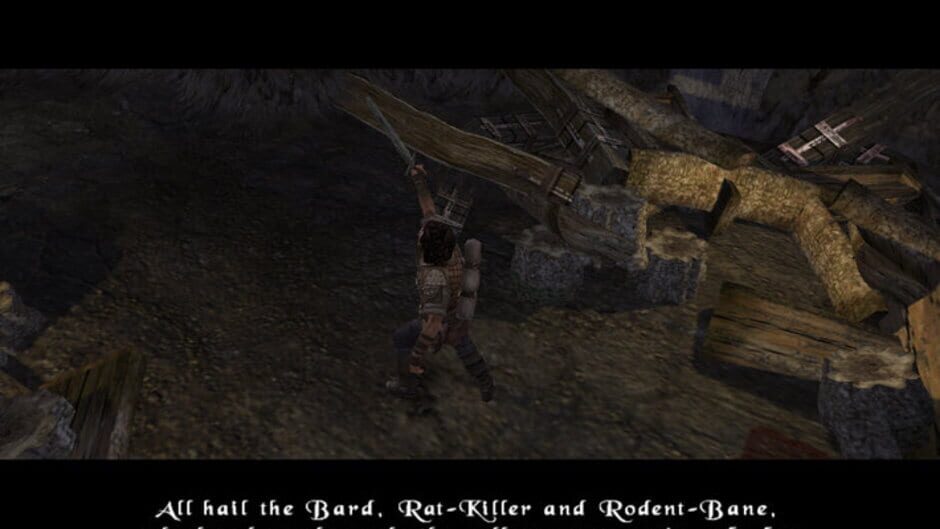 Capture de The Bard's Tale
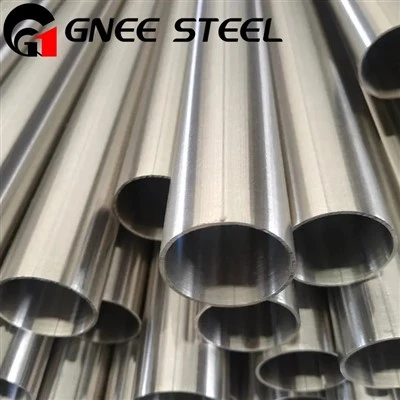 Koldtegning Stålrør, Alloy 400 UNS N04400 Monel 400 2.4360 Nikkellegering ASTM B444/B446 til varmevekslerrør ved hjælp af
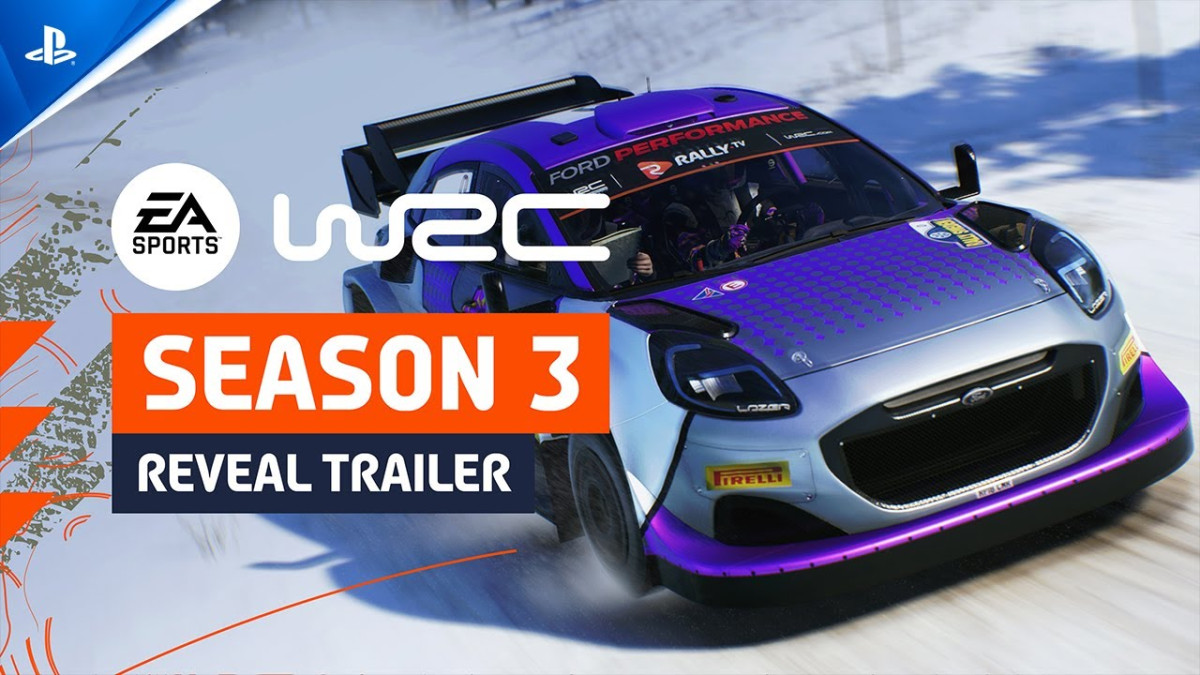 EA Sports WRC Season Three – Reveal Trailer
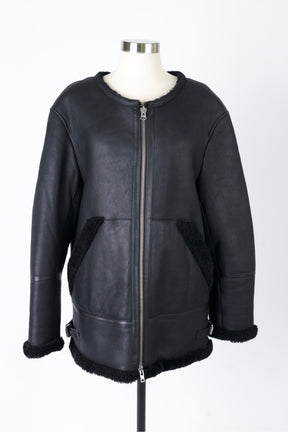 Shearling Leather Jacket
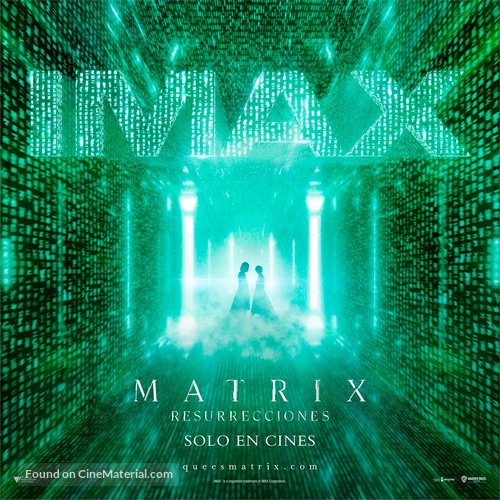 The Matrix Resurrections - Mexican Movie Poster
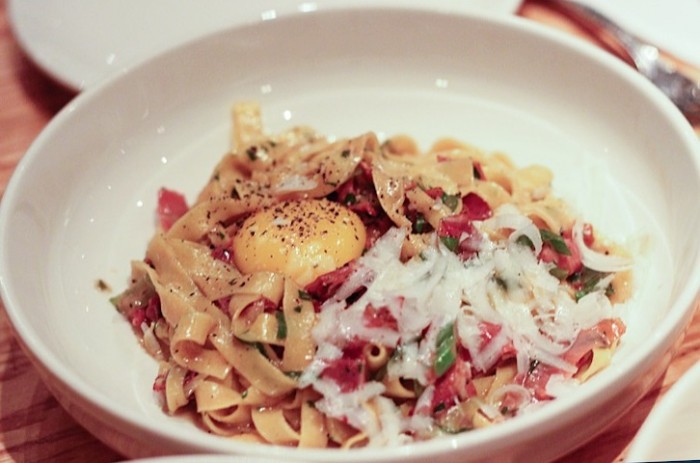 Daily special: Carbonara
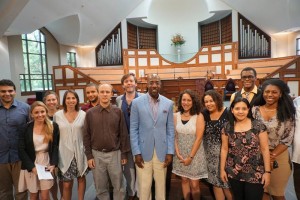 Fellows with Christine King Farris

● ● ● ●

Without any of its images, the data above should be returned exactly.

Output below:
 Capture de The Bard's Tale
 Koldtegning Stålrør, Alloy 400 UNS N04400 Monel 400 2.4360 Nikkellegering ASTM B444/B446 til varmevekslerrør ved hjælp af
 EA Sports WRC Season Three – Reveal Trailer
 Shearling Leather Jacket
 The Matrix Resurrections - Mexican Movie Poster
 Daily special: Carbonara
 Fellows with Christine King Farris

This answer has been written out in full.